### EXERCISE GOAL
Please copy exactly the part of the records below that opens with the line containing "Donna felice che" and closes with the line containing "A contemporary living", leaving out any pictures.

[Short web captions]
= = = = = = =
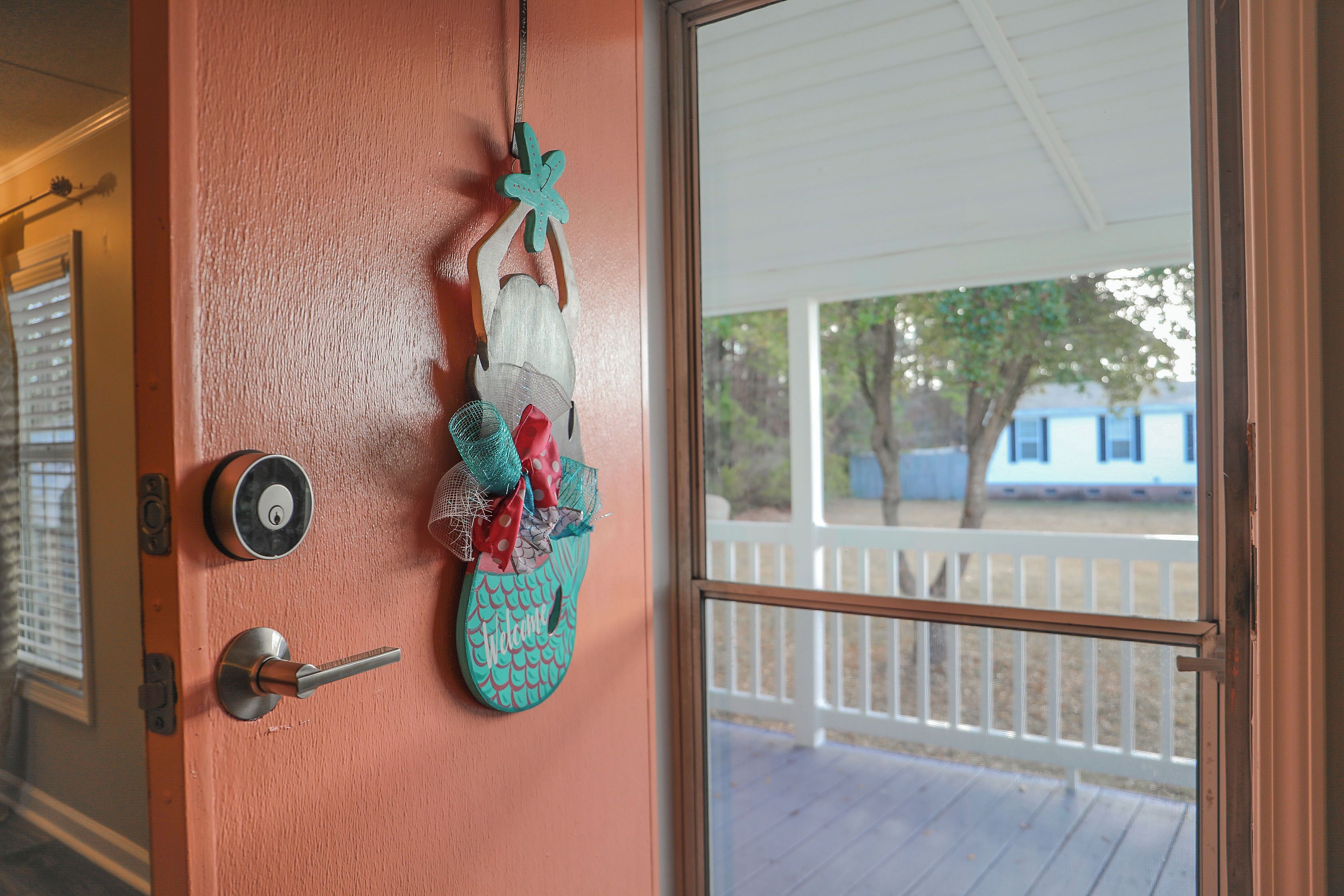 A door with a key lock, a doorbell, and a decorative hanging ornament.
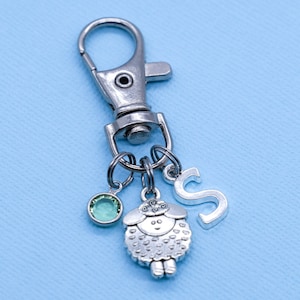 May include: Silver keyring with a charm of a sheep, a green crystal, and the letter 'S'.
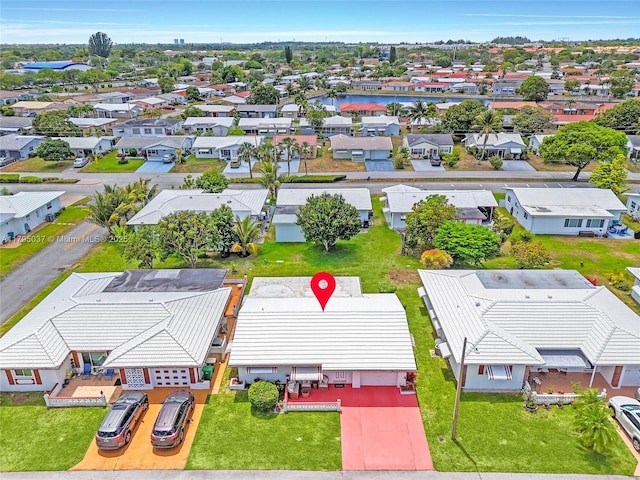 5803 NW 84th Ave, Tamarac, FL 33321 - drone / aerial view featuring a residential view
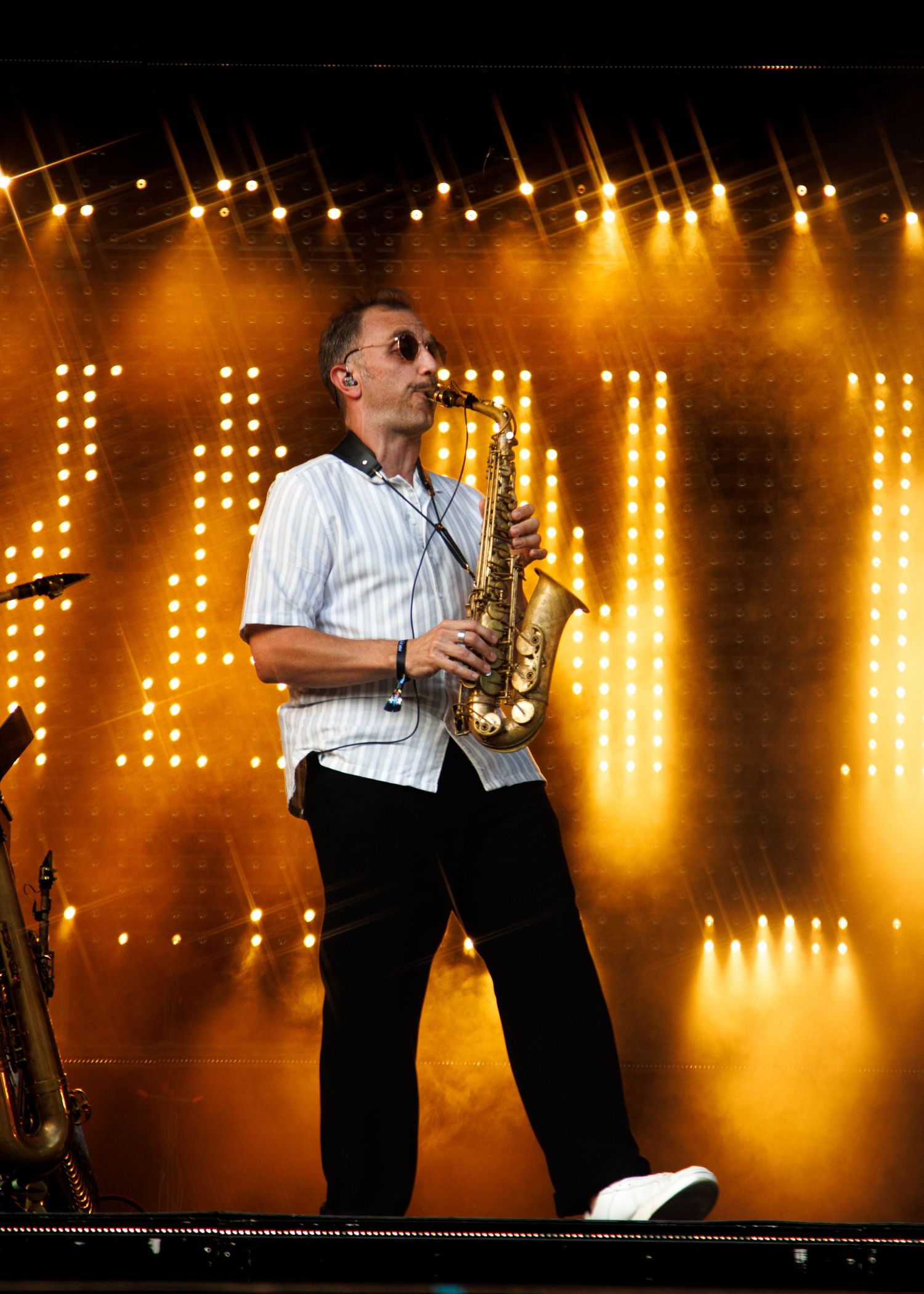 Saxophonist performing on stage under golden lights at an outdoor concert, wearing a white shirt and black pants.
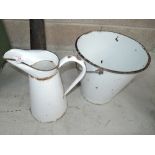 A vintage white enamel bucket and jug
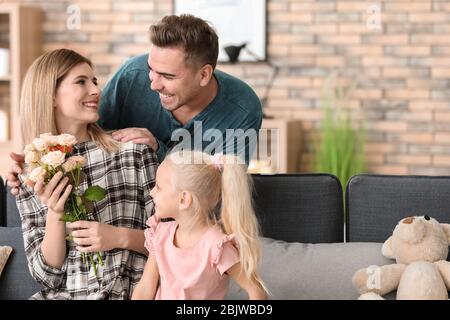 Donna felice che riceve i fiori da marito e figlia a casa Foto Stock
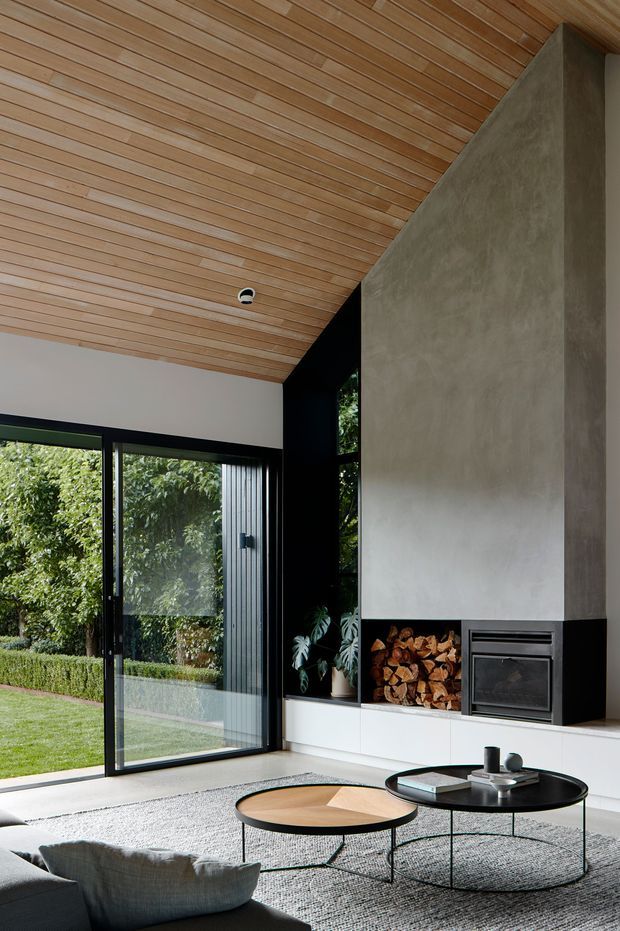 A contemporary living room with a dramatic full-height concrete or plaster fireplace wall, integrated wood storage, and black-framed floor-to-ceiling glazing opening to a garden. The room features a warm timber-lined sloping ceiling, pale built-in cabinetry, nesting round coffee tables, a large textured rug, and a dark sofa. The composition emphasizes the contrast between warm timber, pale surfaces, black detailing, and abundant garden views.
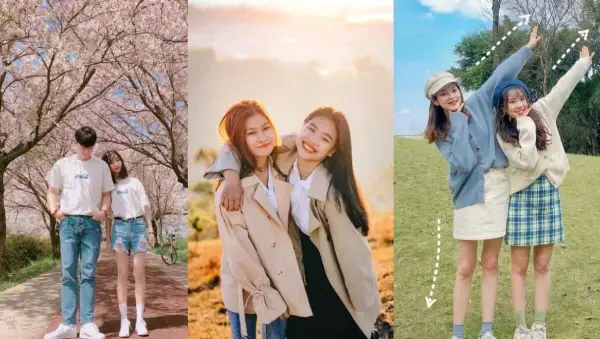 Nắm tay nhau và cùng cười thật tươi về phía máy ảnh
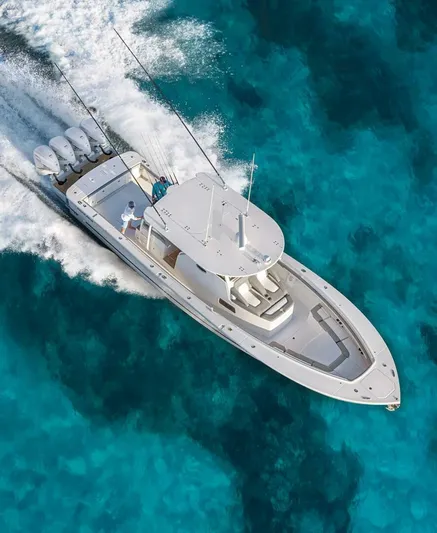  Yacht Photos Pics 2025 Regulator 41 CC boat cruising on clear turquoise water.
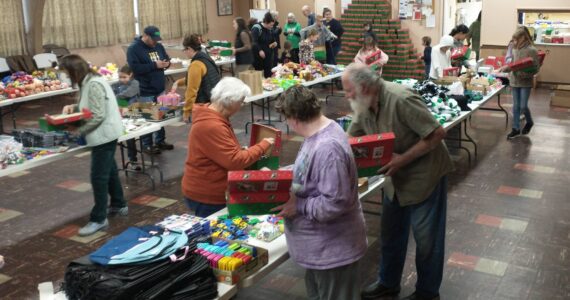 Good Samaritan Foundation representatives and local volunteers gathered at the Congregational Church fellowship hall, filling 475 shoeboxes for the Operation Christmas Child program. The team, which included Deborah and Marty Dillion with Don Lawley, completed their work in just two hours on Saturday morning. These shoeboxes, packed with care and Christmas joy, will bring smiles to children around the world. Photo Deborah Dillon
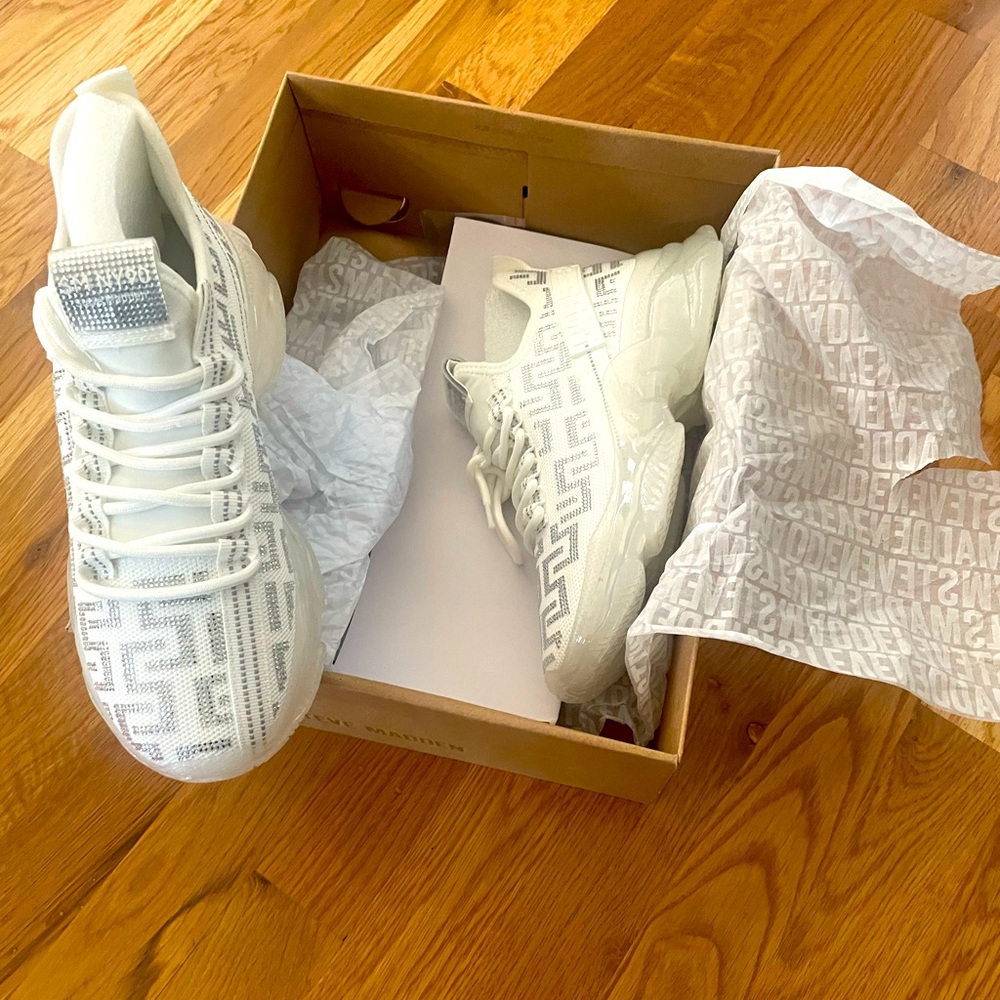 Brand new Steven Madden silver/white sneaker. Size 8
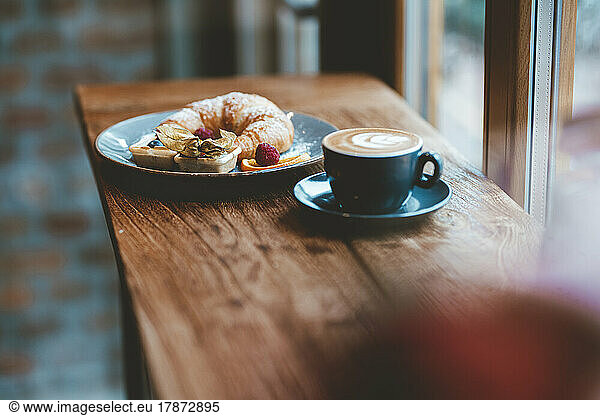 Croissant and coffee on table at cafe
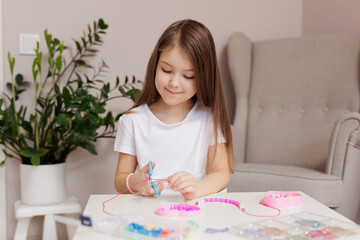 Girl making beaded jewelry at table in her room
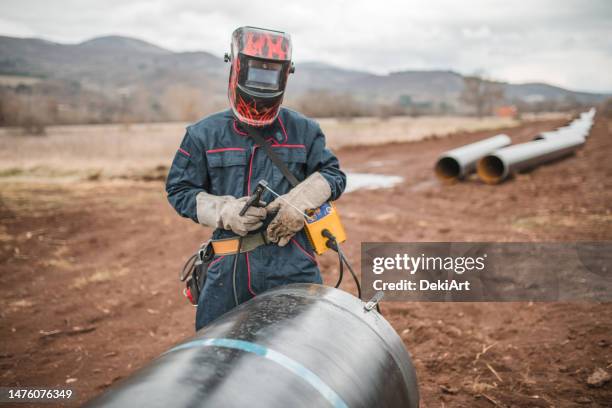 ein schweißer verwendet schweißgeräte, während er an einer rohrleitungsinspektion arbeitet - rohrleitung stock-fotos und bilder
= = = = = = =
### EXERCISE RESULT
 Donna felice che riceve i fiori da marito e figlia a casa Foto Stock
 A contemporary living room with a dramatic full-height concrete or plaster fireplace wall, integrated wood storage, and black-framed floor-to-ceiling glazing opening to a garden. The room features a warm timber-lined sloping ceiling, pale built-in cabinetry, nesting round coffee tables, a large textured rug, and a dark sofa. The composition emphasizes the contrast between warm timber, pale surfaces, black detailing, and abundant garden views.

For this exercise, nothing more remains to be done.